> **Your assignment**:
From the entries below, retype only the lines from the one with "アンティーク家具　和製アンテ" through the one with "14 Omaru Court, Churchill VIC 3842", exactly as written.

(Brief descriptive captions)
- Opening Delimiter -

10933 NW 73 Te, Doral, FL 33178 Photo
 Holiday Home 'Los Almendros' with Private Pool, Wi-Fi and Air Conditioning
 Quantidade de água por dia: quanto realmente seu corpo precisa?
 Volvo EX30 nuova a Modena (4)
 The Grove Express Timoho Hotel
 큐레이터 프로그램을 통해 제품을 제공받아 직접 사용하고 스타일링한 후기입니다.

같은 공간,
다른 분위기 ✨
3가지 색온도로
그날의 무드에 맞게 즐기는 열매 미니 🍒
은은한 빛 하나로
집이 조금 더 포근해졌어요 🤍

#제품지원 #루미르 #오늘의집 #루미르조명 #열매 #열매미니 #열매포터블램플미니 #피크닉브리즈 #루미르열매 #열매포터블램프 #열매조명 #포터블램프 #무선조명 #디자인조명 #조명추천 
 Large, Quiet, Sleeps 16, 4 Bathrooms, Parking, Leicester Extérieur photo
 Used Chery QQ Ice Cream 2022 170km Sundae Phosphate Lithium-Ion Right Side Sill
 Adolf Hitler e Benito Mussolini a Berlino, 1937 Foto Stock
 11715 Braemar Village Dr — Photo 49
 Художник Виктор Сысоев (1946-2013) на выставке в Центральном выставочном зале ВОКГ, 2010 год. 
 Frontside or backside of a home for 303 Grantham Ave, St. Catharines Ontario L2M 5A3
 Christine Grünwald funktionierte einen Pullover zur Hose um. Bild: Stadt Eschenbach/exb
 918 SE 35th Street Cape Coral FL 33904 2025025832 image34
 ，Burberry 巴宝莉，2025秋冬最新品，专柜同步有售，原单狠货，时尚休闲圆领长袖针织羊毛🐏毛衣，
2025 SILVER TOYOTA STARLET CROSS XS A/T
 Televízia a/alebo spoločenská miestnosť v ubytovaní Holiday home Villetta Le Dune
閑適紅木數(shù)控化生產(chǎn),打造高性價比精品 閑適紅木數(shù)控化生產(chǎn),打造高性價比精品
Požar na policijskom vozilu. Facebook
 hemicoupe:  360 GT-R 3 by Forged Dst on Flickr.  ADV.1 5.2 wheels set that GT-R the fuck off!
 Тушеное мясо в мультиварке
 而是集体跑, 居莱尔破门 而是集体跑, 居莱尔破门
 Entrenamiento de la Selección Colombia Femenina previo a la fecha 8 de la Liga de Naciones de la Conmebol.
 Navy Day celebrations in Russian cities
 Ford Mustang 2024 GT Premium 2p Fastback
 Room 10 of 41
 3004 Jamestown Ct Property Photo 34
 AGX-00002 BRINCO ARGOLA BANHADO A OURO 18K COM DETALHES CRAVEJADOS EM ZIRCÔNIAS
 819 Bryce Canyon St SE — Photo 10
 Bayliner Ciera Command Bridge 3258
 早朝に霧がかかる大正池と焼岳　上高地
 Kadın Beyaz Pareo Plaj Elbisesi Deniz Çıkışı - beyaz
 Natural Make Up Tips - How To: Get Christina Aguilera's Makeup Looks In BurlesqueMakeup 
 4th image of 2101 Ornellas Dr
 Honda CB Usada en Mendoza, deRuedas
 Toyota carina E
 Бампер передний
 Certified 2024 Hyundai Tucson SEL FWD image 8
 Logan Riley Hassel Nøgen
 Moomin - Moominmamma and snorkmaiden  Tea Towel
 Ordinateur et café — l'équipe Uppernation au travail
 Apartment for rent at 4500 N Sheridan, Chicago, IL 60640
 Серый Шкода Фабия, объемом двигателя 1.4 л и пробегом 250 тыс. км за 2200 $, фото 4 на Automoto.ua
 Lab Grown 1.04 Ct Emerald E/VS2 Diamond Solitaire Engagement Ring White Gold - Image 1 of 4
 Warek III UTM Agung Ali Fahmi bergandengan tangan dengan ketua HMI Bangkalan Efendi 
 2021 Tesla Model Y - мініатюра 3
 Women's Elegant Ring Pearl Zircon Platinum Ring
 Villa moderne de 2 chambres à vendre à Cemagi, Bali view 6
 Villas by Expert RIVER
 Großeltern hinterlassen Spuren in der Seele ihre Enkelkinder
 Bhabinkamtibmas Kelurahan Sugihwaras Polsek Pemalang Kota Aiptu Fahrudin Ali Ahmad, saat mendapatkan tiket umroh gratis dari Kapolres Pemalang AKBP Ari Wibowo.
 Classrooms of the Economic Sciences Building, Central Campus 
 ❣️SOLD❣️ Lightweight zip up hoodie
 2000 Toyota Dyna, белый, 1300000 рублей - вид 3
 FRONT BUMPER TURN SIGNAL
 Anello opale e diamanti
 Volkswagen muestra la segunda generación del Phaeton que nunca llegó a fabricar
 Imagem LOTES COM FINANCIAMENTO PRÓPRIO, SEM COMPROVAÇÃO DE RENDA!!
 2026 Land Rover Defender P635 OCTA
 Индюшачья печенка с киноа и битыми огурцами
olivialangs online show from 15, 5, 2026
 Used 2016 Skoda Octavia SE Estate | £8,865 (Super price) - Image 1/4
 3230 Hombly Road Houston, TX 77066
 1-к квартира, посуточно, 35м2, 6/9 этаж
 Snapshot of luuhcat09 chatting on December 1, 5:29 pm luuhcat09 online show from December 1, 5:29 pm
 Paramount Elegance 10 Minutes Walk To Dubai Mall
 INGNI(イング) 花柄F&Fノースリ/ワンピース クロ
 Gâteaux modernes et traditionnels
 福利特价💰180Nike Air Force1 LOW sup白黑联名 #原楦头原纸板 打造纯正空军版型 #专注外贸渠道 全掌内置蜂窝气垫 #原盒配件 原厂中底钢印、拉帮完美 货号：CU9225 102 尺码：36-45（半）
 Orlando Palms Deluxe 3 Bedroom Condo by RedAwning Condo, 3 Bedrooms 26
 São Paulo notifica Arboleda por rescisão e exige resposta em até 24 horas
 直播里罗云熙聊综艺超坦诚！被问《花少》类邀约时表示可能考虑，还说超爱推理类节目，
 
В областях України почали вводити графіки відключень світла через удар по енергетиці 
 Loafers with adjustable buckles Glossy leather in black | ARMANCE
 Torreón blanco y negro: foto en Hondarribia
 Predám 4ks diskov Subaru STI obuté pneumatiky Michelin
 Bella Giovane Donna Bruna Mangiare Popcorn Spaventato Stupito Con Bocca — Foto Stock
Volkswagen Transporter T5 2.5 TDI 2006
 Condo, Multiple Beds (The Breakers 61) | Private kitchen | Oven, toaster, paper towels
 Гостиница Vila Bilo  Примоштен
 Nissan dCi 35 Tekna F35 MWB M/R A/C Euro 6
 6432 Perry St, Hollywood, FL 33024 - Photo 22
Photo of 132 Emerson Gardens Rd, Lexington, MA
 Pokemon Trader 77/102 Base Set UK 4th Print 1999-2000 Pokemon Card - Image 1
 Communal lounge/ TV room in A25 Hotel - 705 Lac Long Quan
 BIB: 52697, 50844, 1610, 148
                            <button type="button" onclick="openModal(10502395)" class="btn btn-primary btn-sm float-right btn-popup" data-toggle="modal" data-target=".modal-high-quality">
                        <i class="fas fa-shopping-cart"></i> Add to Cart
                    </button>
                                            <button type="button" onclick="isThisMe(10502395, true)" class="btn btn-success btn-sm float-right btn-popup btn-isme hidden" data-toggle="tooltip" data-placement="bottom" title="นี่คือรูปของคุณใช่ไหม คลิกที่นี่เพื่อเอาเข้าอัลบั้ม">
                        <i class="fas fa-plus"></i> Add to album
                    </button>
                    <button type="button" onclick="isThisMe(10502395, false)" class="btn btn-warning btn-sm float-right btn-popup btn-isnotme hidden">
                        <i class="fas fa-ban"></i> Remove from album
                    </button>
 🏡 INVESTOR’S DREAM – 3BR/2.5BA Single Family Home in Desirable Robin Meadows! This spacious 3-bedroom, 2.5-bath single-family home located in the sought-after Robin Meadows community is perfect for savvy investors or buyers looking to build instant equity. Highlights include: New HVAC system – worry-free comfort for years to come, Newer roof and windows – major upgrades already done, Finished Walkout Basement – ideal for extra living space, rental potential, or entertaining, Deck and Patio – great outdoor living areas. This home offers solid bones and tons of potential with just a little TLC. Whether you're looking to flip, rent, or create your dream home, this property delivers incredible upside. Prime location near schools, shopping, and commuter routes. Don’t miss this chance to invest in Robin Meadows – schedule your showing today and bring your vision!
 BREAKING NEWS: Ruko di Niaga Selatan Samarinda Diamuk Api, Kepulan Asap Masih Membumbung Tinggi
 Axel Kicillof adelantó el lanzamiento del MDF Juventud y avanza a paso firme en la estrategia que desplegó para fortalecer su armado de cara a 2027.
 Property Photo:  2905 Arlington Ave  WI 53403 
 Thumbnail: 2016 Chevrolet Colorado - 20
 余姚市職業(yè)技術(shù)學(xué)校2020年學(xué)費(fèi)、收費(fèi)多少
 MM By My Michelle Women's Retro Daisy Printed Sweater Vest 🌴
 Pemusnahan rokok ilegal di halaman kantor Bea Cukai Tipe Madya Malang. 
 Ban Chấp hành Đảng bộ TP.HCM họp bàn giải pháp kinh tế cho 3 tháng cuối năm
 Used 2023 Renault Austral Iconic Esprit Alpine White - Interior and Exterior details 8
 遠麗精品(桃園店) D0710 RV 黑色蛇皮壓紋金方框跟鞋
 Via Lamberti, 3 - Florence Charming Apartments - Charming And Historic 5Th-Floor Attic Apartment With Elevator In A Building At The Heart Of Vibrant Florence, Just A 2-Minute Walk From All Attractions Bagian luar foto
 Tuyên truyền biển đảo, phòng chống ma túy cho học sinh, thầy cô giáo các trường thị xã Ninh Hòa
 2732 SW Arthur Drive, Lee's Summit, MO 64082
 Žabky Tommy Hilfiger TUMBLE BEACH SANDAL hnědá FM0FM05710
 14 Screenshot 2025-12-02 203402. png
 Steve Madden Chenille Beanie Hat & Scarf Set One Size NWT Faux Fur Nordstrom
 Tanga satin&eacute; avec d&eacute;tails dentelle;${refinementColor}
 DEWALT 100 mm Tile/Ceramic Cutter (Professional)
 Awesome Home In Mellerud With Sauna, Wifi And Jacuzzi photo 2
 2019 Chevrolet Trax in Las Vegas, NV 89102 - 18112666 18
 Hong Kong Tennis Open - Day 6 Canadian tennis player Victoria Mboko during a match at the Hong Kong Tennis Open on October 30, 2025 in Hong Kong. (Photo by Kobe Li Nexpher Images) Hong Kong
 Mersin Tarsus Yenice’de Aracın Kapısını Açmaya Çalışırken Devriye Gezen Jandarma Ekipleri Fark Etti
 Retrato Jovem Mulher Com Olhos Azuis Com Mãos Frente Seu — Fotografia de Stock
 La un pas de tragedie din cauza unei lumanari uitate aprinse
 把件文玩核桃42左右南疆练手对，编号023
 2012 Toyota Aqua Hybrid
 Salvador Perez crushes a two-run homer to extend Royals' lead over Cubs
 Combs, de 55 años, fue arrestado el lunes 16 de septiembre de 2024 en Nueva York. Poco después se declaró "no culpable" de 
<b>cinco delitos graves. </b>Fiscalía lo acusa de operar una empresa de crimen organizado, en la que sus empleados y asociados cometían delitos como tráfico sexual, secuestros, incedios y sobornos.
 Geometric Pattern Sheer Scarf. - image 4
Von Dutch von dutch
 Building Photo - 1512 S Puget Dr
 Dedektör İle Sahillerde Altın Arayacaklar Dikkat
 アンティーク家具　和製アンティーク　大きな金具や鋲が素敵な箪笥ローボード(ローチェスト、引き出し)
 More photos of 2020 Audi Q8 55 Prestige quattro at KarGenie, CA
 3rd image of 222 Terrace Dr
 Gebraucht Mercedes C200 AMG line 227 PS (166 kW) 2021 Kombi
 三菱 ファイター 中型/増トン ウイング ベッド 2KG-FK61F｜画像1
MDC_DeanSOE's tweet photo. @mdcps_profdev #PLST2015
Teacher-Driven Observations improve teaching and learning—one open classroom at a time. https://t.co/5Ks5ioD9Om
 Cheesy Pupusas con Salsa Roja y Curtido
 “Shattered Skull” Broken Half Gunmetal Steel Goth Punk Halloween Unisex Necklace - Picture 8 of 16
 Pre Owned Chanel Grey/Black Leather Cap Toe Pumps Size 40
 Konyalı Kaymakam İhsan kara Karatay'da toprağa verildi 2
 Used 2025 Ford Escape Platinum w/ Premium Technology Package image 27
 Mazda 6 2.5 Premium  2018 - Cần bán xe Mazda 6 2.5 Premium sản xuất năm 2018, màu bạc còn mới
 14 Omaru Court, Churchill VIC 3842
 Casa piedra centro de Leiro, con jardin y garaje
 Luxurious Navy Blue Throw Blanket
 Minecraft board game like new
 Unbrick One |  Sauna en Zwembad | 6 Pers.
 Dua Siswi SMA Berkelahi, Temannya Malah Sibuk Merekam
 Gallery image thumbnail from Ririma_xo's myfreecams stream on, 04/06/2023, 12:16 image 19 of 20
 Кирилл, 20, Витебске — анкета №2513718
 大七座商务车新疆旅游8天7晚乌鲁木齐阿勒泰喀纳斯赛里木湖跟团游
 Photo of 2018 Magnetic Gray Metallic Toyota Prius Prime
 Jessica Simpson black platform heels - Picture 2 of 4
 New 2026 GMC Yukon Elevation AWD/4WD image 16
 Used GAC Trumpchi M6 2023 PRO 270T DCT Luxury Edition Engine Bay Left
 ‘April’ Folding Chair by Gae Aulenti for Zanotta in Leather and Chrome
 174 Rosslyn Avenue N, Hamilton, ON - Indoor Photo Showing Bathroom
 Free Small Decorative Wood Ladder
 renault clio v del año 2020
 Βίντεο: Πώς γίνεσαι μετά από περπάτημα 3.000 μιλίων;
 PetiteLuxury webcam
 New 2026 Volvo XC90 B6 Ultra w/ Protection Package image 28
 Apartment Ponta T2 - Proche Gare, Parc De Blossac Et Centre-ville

- Closing Delimiter -

> **Exercise solution**:
 アンティーク家具　和製アンティーク　大きな金具や鋲が素敵な箪笥ローボード(ローチェスト、引き出し)
 More photos of 2020 Audi Q8 55 Prestige quattro at KarGenie, CA
 3rd image of 222 Terrace Dr
 Gebraucht Mercedes C200 AMG line 227 PS (166 kW) 2021 Kombi
 三菱 ファイター 中型/増トン ウイング ベッド 2KG-FK61F｜画像1
MDC_DeanSOE's tweet photo. @mdcps_profdev #PLST2015
Teacher-Driven Observations improve teaching and learning—one open classroom at a time. https://t.co/5Ks5ioD9Om
 Cheesy Pupusas con Salsa Roja y Curtido
 “Shattered Skull” Broken Half Gunmetal Steel Goth Punk Halloween Unisex Necklace - Picture 8 of 16
 Pre Owned Chanel Grey/Black Leather Cap Toe Pumps Size 40
 Konyalı Kaymakam İhsan kara Karatay'da toprağa verildi 2
 Used 2025 Ford Escape Platinum w/ Premium Technology Package image 27
 Mazda 6 2.5 Premium  2018 - Cần bán xe Mazda 6 2.5 Premium sản xuất năm 2018, màu bạc còn mới
 14 Omaru Court, Churchill VIC 3842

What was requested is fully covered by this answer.